Its probability-based view of misfortunes helped to shape the scientific outlook
The first “insurance policy” on record is probably the Codex Hammurabi, circa 1780 B.C., which you can still read in the original at the Louvre Museum in Paris if you are nimble with ancient Sumerian legalese. It avers that shippers whose goods were lost or stolen in transit would be compensated by the state. (How did shippers prove their claims? A sworn declaration before a god was good enough for the king of Babylon.)
Another 3,500 years or so passed before a catastrophe—the Great Fire of London in 1666—begat the first instance of “modern” insurance: a formal setup whereby people paid premiums to companies to bail them out in an emergency; actuaries for the companies set the premium rates based on risk of payout. Such insurance depended on advancements in higher mathematics—namely, probability theory. That development has been insurance’s lasting and profound legacy for modern life, coloring the way we think about so many things, including ourselves.
Mathematical probability theory began in the mid-16th century, when European scholars first applied hard analysis to gambling games. The goal, a hallmark of the Enlightenment, was to lay reason on randomness. Deadly storms, plagues and other misfortunes were understood to be merely unfortunate but natural (and rare) events, not portents—less scourges to be feared and more mysteries to be solved.
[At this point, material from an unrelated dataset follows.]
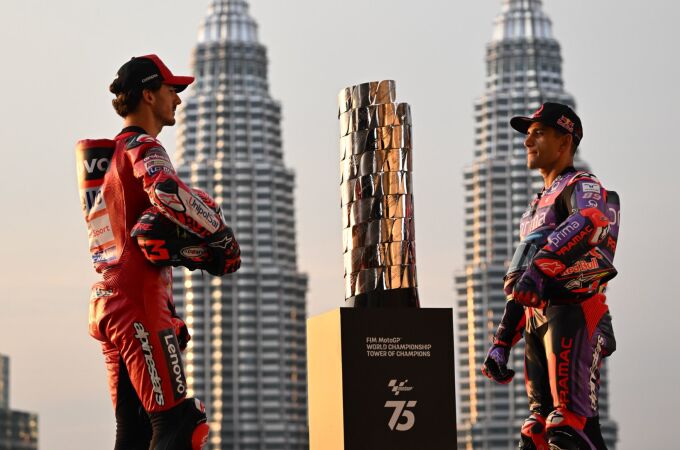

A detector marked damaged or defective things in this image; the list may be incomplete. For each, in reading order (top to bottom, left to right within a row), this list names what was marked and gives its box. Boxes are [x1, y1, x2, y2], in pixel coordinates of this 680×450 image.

crumpled metal surface [338, 80, 418, 302]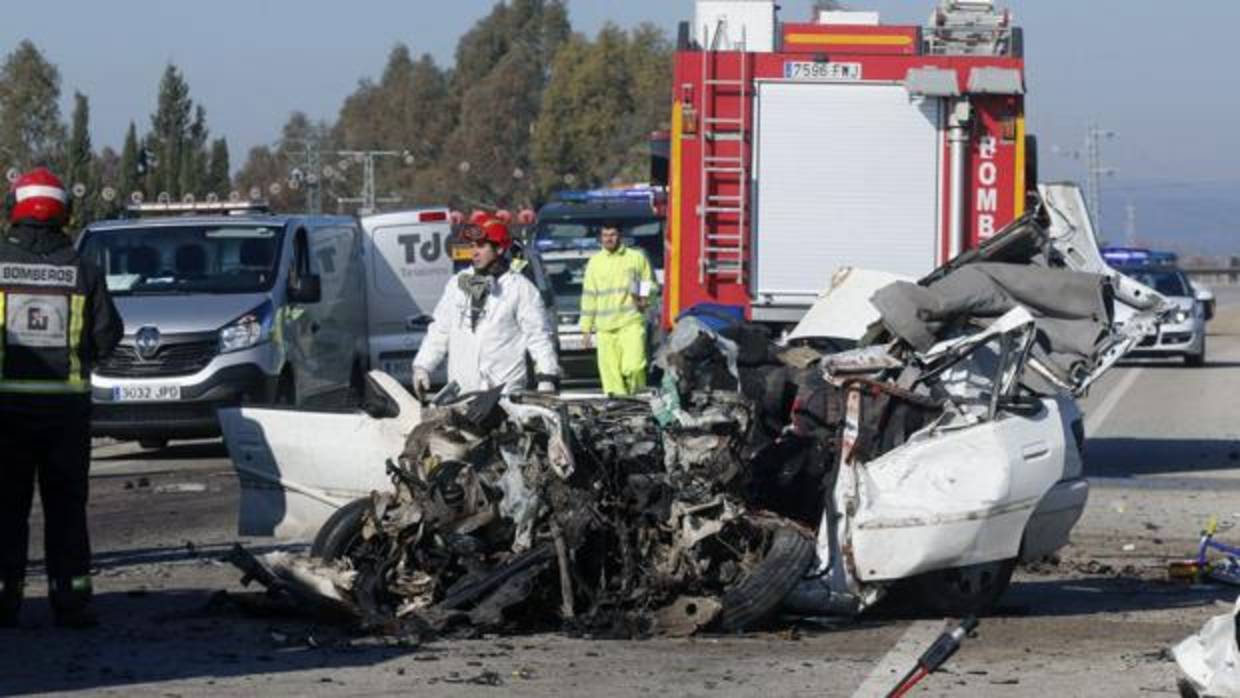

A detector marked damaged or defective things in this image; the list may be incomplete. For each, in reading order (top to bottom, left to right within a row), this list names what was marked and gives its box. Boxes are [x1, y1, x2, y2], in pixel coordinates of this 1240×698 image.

wrecked white car [218, 184, 1165, 634]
Thus did probability crunching find its way into modern science. Geneticists use it to divine the likelihood that parents will have children with a particular birth defect. Particle physicists use it to allay fears that the new supercollider will produce an Earth-swallowing black hole. We organize our lives—from indulgences to duties—with the probabilistic expiration date of our life span in mind. At every turn, we subconsciously intuit that this or that outcome is likely to happen, but those intuitions are pliable. It is the real-world testing of our biases—the scientific method—that confirms or kills them.
The legacy of insurance industry risk crunching is not all positive: its fingerprints are all over the recent massive upheaval on Wall Street. A formula published in 2000 by actuary David X. Li, who went on to head research divisions at Citigroup and Barclays Capital, and widely used by economists and bankers to estimate the risk of asset-backed securities borrowed a key component from life insurance. The formula, called a Gaussian cupola function, was not so much an application of actuarial science as a misapplication of it. As it turns out, the default risk of financial instruments cannot be predicted in the same way that, say, the death risk of spouses can.